Task objective:
The output should match the data below line for line.

Supplied material:
[Start of section]

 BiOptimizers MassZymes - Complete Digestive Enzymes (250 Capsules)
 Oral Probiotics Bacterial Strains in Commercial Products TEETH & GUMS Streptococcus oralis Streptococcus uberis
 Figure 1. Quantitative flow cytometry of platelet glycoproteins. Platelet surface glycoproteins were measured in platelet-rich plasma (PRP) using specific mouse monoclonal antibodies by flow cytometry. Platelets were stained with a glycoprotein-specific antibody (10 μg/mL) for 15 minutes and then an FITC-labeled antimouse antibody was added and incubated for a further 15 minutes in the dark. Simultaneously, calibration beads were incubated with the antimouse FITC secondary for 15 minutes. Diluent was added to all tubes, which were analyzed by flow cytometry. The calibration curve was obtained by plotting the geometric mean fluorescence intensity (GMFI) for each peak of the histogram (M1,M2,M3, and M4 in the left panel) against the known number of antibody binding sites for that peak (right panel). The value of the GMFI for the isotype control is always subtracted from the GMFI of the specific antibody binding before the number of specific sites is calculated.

[End of section]

Solved problem:
 BiOptimizers MassZymes - Complete Digestive Enzymes (250 Capsules)
 Oral Probiotics Bacterial Strains in Commercial Products TEETH & GUMS Streptococcus oralis Streptococcus uberis
 Figure 1. Quantitative flow cytometry of platelet glycoproteins. Platelet surface glycoproteins were measured in platelet-rich plasma (PRP) using specific mouse monoclonal antibodies by flow cytometry. Platelets were stained with a glycoprotein-specific antibody (10 μg/mL) for 15 minutes and then an FITC-labeled antimouse antibody was added and incubated for a further 15 minutes in the dark. Simultaneously, calibration beads were incubated with the antimouse FITC secondary for 15 minutes. Diluent was added to all tubes, which were analyzed by flow cytometry. The calibration curve was obtained by plotting the geometric mean fluorescence intensity (GMFI) for each peak of the histogram (M1,M2,M3, and M4 in the left panel) against the known number of antibody binding sites for that peak (right panel). The value of the GMFI for the isotype control is always subtracted from the GMFI of the specific antibody binding before the number of specific sites is calculated.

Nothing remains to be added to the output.